The data of the primary field observation was collected over a period of nearly two months. The minimum number of visits per ATM was at least four times, with at least one observation session on a Sunday and at least one session during “rush hour” (i.e., mid-mornings, noon, or early evenings). This was necessary to ensure that the data collected was as broad as possible and did not, e.g., only include off-peak times, which could have biased the results. Rush hours and off-peak times were identified in pre-observations. Depending on the location (for instance, one was close to a supermarket) these times differed not only between cities, but also between locations within the cities. For instance, the rush hour close to a supermarket was between 5pm to 7pm while the rush hour at an ATM in a pedestrian area with shops and restaurants was during lunch time (around 1pm).
During the pre-observations, we noticed that terminal software can significantly differ from one bank to another and have influence on the performance. Therefore, we also made sure to observe a variety of ATMs from different banks (six banks in total) to avoid influences of the software
on the results. Each bank within the study used different software. At each ATM, 60 users were observed, resulting in an overall data set of 360 users, which were collected during 44 observation sessions. 199 of the observed users were male, 161 female.
All observations were performed and recorded by the one and the same researcher. This was necessary to keep the data comparable, since different people might apply different standards during the observation, deliberately or not. Even though multiple observers might have reduced the risk of accidentally missing data, we opted for this solution since we rated consistency over efficiency (speed of collecting the data).
The most undesirable influence on the data would have been if users would have realized that they are being observed.

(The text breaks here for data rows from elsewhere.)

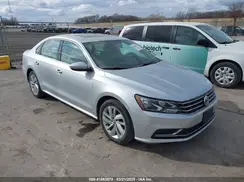 1VWBA7A31JC004790 2018 VOLKSWAGEN PASSAT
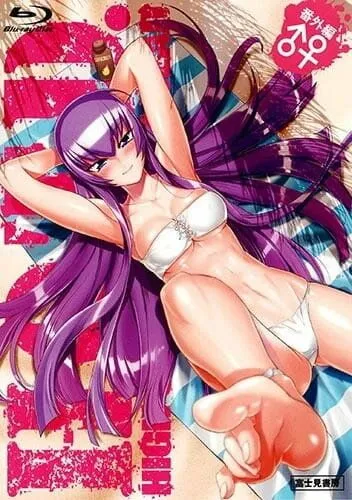 Школа мертвецов OVA / Highschool of the Dead: Drifters of the Dead (2011) мультфильм скачать через торрент в хорошем качестве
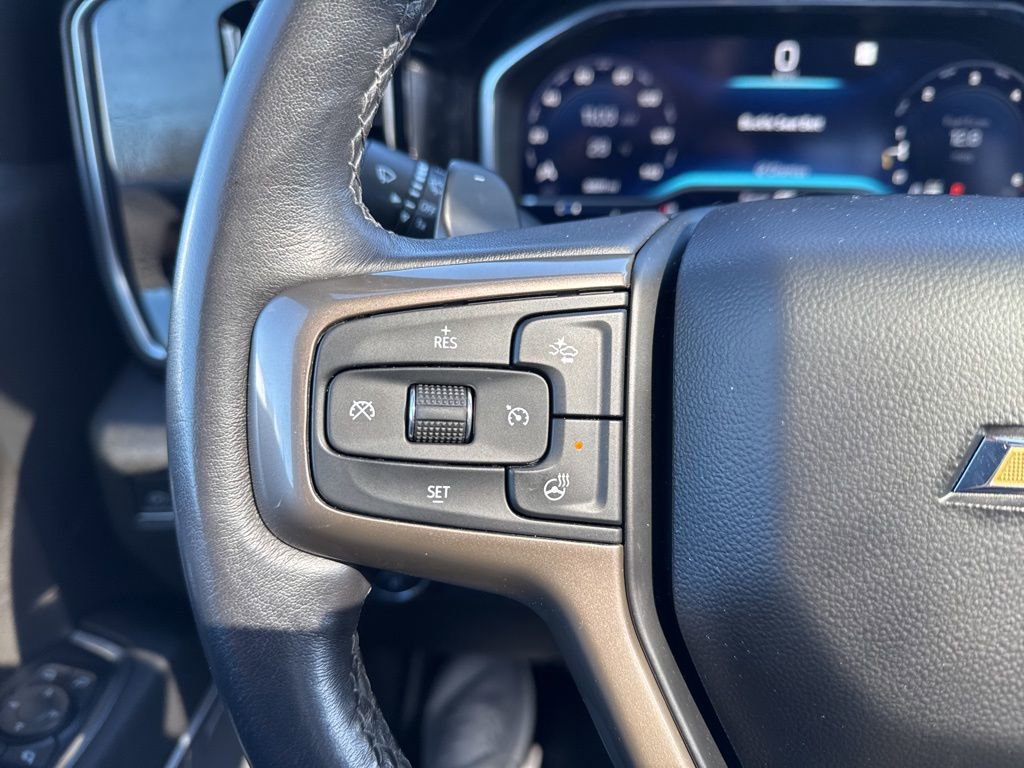 Used 2023 Chevrolet Silverado 1500 High Country w/ High Country Premium Package image 24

Therefore, in order to remain unobtrusive during observations, we chose ATMs that were visible from public outdoor seating areas, i.e., street cafés and restaurants that had tables in appropriate positions outside. Surprisingly, a large number of outdoor ATMs that we found were actually close to such spots. Thus, finding appropriate locations was not an issue. Considering these precautions, it is very unlikely that the observer did arouse suspicion amongst ATM users. Additionally, the single observation sessions were kept rather short to minimize this risk.